My apologies that I missed something you were looking for a response to. Could you point me to the right post for your explanation? I’m involved in too many threads and I found others I missed.
It’s quite simple: People involved in religious cults will often believe ridiculous things for no good reason, at times with such fervour that they will give up their lives rather than renounce their belief. There are many examples of this, one of which I have mentioned (The Heaven’s Gate cult)
We know that the Gospels are not contemporary or eyewitness accounts but, rather, are compilations of stories that had been told about Jesus and his first followers by the early Christians, which were written in the form we know them likely around AD 70 or later. As such, they are records of the beliefs of these early followers, and not necessarily of historic events that happened during Jesus’s lifetime (though undoubtedly some of these are included in the stories.)

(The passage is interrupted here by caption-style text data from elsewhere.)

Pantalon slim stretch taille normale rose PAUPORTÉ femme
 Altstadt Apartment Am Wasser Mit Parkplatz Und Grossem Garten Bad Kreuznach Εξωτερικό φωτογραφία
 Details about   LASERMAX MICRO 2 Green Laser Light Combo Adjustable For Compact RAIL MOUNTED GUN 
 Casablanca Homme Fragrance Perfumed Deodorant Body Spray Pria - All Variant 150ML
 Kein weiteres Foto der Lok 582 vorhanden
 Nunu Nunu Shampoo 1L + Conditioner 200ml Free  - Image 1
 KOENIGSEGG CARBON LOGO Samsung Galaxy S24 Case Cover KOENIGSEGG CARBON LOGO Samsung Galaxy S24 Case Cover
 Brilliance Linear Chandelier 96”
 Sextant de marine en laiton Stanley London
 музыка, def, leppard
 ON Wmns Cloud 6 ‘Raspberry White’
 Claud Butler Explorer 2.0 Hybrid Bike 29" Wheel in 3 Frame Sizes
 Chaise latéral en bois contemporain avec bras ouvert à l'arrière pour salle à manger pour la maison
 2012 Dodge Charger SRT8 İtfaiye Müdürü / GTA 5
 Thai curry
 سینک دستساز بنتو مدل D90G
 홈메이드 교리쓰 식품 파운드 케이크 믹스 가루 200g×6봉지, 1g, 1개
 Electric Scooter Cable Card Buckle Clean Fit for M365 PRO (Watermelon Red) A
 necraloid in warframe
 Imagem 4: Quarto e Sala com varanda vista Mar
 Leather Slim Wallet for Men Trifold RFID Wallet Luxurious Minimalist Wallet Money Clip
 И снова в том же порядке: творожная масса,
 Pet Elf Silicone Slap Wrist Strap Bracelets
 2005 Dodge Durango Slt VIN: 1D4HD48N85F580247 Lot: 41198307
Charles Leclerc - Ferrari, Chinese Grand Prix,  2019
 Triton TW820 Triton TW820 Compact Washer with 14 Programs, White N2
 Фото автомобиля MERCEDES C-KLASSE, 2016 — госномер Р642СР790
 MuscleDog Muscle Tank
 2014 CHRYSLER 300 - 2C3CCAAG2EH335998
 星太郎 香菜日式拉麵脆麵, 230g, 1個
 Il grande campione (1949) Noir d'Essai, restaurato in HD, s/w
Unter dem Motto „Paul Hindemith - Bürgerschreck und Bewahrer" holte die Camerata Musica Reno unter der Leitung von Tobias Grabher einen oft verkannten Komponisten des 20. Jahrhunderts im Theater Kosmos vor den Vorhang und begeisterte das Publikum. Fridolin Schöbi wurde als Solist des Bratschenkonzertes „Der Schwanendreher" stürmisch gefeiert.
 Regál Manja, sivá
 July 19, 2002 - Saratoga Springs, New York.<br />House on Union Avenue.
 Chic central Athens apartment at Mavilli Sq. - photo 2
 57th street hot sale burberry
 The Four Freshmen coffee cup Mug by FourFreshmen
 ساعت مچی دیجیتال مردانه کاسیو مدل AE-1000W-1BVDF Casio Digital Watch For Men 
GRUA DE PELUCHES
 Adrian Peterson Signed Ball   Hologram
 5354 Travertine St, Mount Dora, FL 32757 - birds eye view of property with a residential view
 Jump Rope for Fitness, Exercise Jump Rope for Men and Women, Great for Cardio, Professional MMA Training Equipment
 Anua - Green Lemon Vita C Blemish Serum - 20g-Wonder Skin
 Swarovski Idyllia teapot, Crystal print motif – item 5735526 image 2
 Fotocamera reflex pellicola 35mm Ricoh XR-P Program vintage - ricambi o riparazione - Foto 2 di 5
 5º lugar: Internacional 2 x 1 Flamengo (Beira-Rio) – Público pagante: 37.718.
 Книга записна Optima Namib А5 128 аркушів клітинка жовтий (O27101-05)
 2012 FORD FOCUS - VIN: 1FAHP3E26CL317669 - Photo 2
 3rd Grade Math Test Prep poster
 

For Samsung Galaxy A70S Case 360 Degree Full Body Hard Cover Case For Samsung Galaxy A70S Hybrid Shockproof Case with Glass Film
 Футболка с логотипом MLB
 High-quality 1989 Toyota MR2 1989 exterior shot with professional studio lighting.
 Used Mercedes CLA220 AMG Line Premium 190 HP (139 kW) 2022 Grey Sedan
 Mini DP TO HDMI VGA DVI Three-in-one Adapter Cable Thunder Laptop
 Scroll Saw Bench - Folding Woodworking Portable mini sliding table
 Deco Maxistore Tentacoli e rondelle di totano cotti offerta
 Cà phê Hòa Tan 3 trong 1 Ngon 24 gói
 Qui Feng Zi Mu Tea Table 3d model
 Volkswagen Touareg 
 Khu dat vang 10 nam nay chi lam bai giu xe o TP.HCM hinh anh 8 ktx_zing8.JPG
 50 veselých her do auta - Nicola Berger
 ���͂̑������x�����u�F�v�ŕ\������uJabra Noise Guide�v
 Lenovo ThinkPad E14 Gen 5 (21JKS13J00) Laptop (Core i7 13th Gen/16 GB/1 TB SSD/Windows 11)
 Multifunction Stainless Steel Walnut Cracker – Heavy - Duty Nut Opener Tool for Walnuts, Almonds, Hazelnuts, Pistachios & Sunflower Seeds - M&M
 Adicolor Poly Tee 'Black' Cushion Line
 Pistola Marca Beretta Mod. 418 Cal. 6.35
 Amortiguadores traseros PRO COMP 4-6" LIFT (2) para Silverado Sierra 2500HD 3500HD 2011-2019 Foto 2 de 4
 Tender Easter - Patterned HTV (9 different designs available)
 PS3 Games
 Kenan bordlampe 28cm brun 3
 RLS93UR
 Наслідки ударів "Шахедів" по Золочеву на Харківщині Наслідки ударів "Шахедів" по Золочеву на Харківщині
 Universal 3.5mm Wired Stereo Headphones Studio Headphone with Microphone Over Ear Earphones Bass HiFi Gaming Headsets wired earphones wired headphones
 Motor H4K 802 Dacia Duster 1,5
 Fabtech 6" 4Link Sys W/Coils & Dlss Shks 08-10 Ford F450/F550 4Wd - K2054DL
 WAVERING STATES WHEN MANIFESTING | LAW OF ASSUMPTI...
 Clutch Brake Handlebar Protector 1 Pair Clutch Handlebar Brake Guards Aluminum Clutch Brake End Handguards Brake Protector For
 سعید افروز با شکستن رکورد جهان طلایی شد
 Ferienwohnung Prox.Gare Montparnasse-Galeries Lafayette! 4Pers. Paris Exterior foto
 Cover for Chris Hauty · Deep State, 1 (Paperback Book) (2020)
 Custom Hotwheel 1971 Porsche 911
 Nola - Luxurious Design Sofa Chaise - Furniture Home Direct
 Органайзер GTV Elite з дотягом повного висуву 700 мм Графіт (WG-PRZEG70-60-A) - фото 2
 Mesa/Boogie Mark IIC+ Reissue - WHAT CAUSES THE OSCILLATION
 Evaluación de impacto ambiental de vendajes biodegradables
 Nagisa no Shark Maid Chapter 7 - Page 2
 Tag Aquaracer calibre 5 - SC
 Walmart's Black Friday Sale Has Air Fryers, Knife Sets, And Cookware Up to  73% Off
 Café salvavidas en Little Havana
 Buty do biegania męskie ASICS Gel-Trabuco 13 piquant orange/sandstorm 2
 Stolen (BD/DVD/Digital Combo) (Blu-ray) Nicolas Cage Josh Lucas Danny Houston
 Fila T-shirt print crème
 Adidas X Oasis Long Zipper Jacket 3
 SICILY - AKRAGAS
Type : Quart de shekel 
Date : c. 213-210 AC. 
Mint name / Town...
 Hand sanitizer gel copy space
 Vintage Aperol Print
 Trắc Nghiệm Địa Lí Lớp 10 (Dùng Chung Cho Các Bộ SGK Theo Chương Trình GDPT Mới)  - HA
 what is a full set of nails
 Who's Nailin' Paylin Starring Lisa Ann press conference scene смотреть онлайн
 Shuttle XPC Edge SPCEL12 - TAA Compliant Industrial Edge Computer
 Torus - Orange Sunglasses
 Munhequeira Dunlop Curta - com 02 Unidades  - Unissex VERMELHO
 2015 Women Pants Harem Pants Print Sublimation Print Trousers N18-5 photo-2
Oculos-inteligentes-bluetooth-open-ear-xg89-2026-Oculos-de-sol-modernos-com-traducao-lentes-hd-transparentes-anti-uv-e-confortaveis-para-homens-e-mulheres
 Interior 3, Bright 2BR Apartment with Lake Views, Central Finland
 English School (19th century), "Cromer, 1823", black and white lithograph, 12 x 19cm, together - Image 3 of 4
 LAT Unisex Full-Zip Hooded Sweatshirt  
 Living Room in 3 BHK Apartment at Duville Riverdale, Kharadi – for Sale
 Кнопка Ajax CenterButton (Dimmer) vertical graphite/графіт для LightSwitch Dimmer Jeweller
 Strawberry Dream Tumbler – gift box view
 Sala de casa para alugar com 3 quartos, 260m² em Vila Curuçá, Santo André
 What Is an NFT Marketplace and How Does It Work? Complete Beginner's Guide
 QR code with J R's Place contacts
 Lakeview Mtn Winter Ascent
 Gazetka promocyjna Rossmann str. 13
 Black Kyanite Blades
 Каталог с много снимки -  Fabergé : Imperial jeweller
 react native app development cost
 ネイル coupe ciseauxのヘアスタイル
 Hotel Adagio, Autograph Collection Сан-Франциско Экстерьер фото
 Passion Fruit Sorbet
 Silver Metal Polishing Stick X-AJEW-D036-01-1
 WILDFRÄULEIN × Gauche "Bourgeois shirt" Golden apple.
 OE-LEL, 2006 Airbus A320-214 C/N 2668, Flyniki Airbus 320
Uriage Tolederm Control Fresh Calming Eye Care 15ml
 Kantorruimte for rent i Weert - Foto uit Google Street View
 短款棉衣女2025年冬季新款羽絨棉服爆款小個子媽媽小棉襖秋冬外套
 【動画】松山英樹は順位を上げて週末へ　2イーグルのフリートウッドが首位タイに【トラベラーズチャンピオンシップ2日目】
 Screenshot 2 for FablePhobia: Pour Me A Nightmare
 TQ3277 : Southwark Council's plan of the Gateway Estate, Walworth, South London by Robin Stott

There is nothing complicated or improbably about this. Rather, it is consistent with how we know religions and cults arise and develop in other instances.
Unless you believe Jesus preached at another time than around 33 AD., there were people alive to dispute what the early Christians said about Jesus. So where are records of that? Why aren’t there any stories of people squashing this cult by showing them Jesus body?
Just because some people give their lives up for ridiculous things, doesn’t mean all people do. There are plenty of people who are valid heroes and risk their lives for something they believe to be important. So this goes back to motivation. If it was a hallucination again, there probably would have been someone that would have said - hey look, the body is right here, you guys are dumb.
Forty years later? I would assume that these hypothetical ‘real eye witnesses’ would have long forgotten events (if they weren’t Christians, it’d have just been another execution – which the Romans did routinely). Also, this assumes that even if they were alive, they were living in the area where the Gospels were published, and read them (or had the Gospels read to them).
Why would anyone bother to do that? You assume Christianity was this massive organized force that the Roman Empire needed to “squash.” There is no reason to assume the authorities were even aware that some followers had come to believe Jesus had been resurrected, if the belief even had begun at that time, and no reason to assume they would have cared.
But it means that it is an indisputable fact that people will give up their lives for things that are untrue. So if some of the early Christians gave up their lives in the belief that Jesus was resurrected, this does not mean their belief was true.
Where are the records or people telling the members of the Heaven’s Gate cult “Look, you can use this telescope. See any spaceship? No, right?”
I don’t believe it was a hallucination.
If they were running around saying Jesus had come back from the dead, I’m sure there were lots of people saying “You guys are dumb.” Just as I’m sure people told the Heaven’s Gate cult they were dumb to castrate themselves and believe a spaceship was coming to take them to another world. Didn’t change their minds, though, did it?
Only saying “40 years later” because most scholars agree that if the writers knew the temple was destroyed they would have included it in the gospels. It’s just harder to prove they were written only a few years after Jesus’ death, though there’s a theory that the gospel of Matthew was and I agree with it. Paul’s letters are considered earlier than some of the gospels.
I don’t really know how many of them are still around compared to how prominent Christians were at a similar point after the death of Jesus. If you’d watched the video, you would have seen that there is one guy who did not take part in the suicide but still believes in the faith and believes he was spared to spread the word. Maybe he is the Saul of Tarsus of the Heaven’s Gate, who know?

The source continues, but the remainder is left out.